Our two-year MFA in Photography program features intensive 10-day residencies every January and June during which you will participate in presentations, workshops, seminars and critiques with a wide range of faculty and visiting artists. You will also join our Visual Arts and Writing students and engage in interdisciplinary work across programs. Each residency has a thematic lens intended to help students reach across disciplines. Themes, which have included Food, Migration, Borders, and Fear, are featured in a single day of events known as the Concurrent Curriculum.

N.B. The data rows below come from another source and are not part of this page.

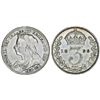 Image 1 : Great Britain. Queen Victoria (1837-1901) Silver 3 Pence 1899. XF/AU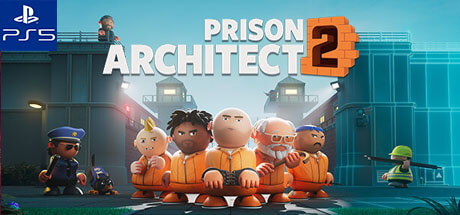 Prison Architect 2 PS5 Code kaufen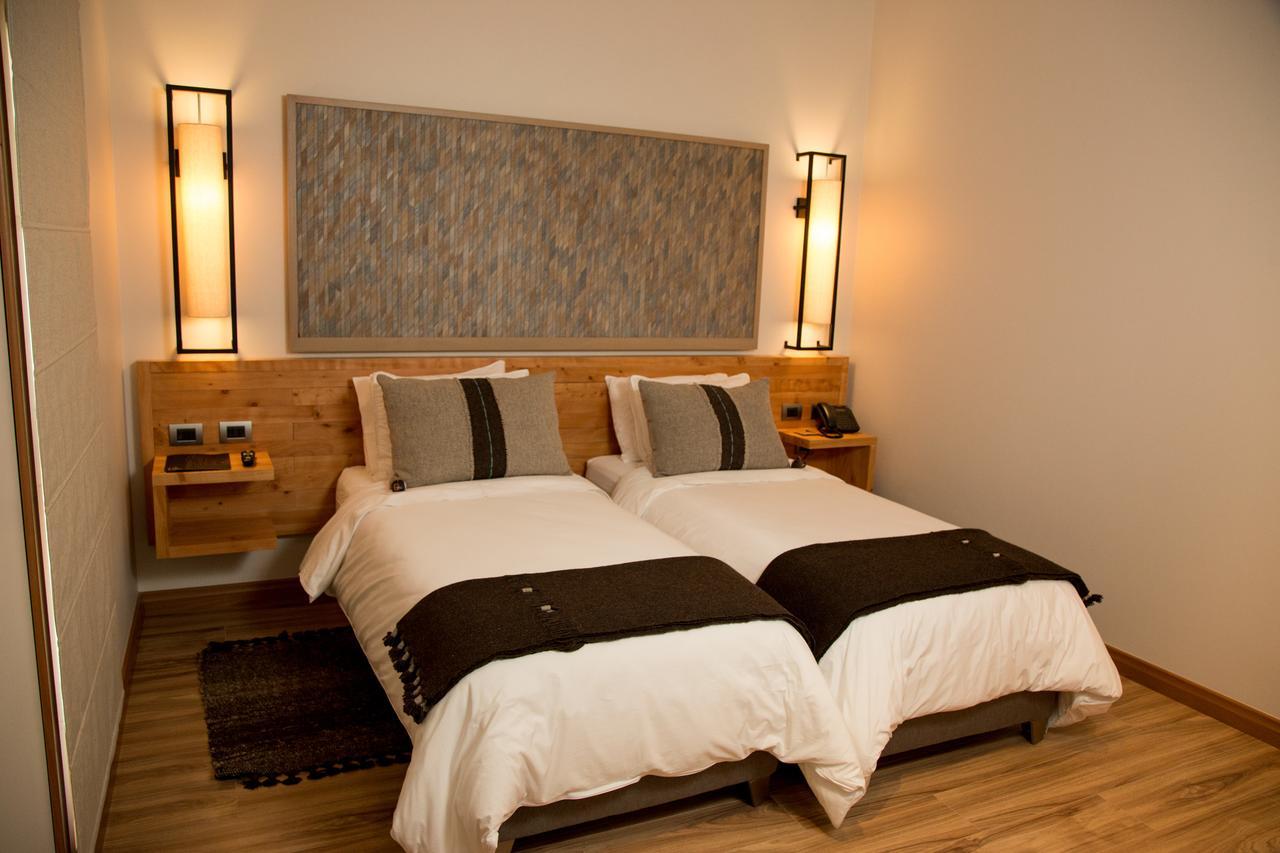 Hotel Casa Solaria Пукон Екстер'єр фото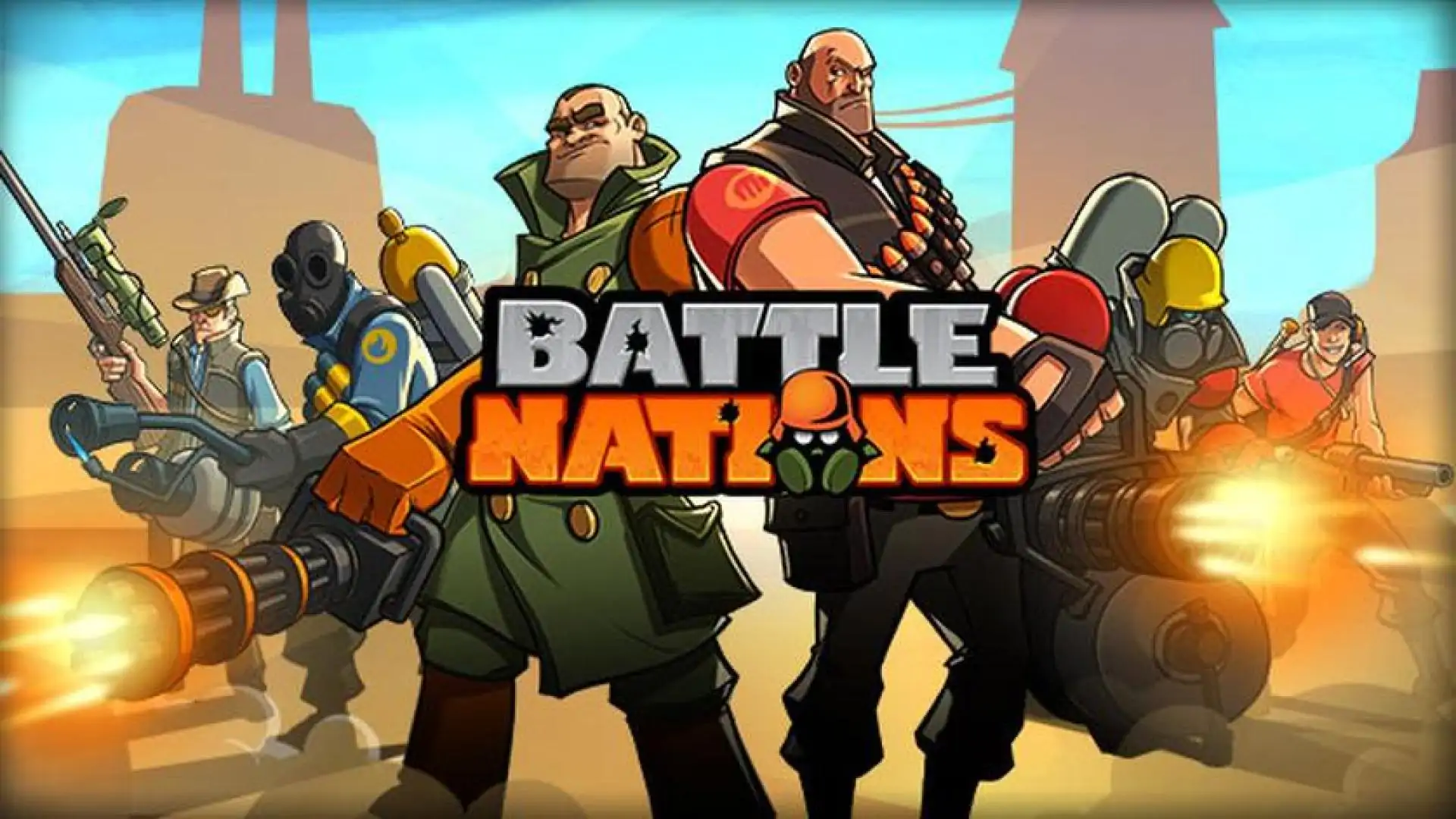 Battle Nations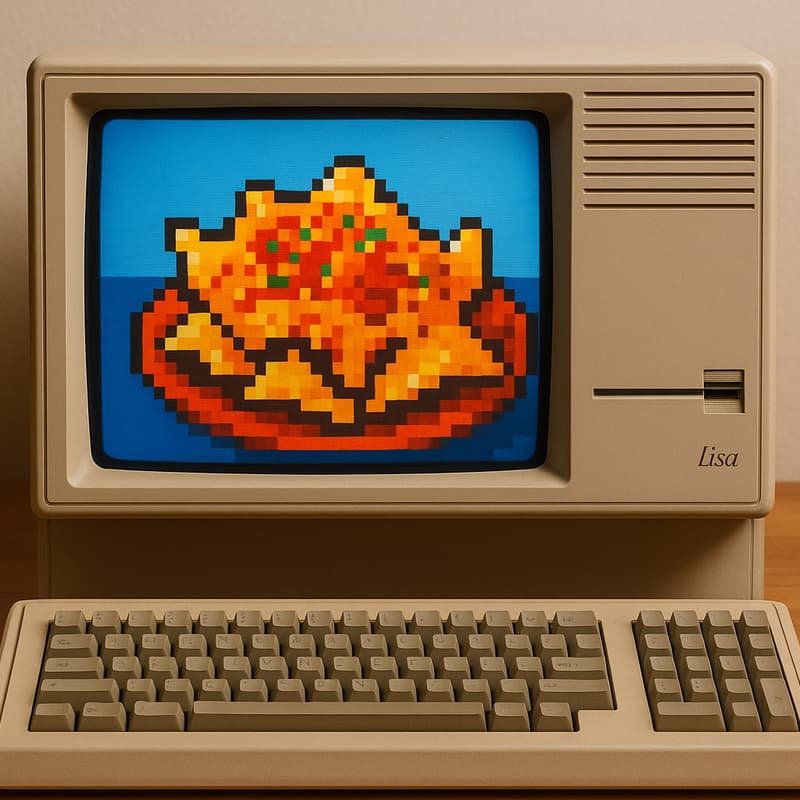 Cover Image for Victoria Tech Nachos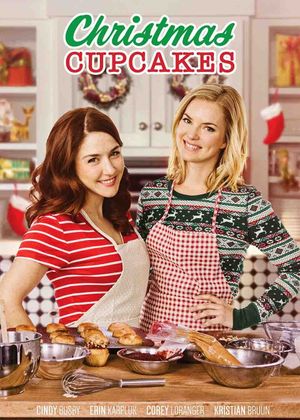 Christmas Cupcakes's poster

Between residencies, you will be assigned to a faculty advisor who will focus on your academic work and to a studio-mentor to build on the insights made during the residency.
Throughout your time in the program, you will gain an understanding of your place in the contemporary art world, develop an expansive professional network, and gain a deeper awareness of yourself as an artist, writer, and citizen. Come and experience:
- Individualized mentoring with established photographers
- Interdisciplinary immersion during every residency;
- Seminars that explore the intersection of theory and practice, the role of art in social change, and strategies for creating a sustainable professional practice.
JOIN THE MFA IN PHOTOGRAPHY COMMUNITY, AND EXPERIENCE TRANSFORMATION AS A MAKER, THINKER, AND GLOBAL CITIZEN!
The Teti Fellowship
The Teti Fellows program awards four to six fellowships annually to scholars, artists, writers and educators wishing to travel to our campus in Manchester, New Hampshire to make use of the John Teti Rare Photography Book Collection housed in the college’s Teti Library.
The John Teti Rare Photography Book Collection is one of the finest collections of photographic resources in the United States. The Collection, established in 2007 through a generous donation by Mr. John Teti, contains over 2,000 rare books, periodicals, prints and documents illustrating the history of photography, including Edward Steichen’s personal copies of Alfred Stieglitz’s Camera Work.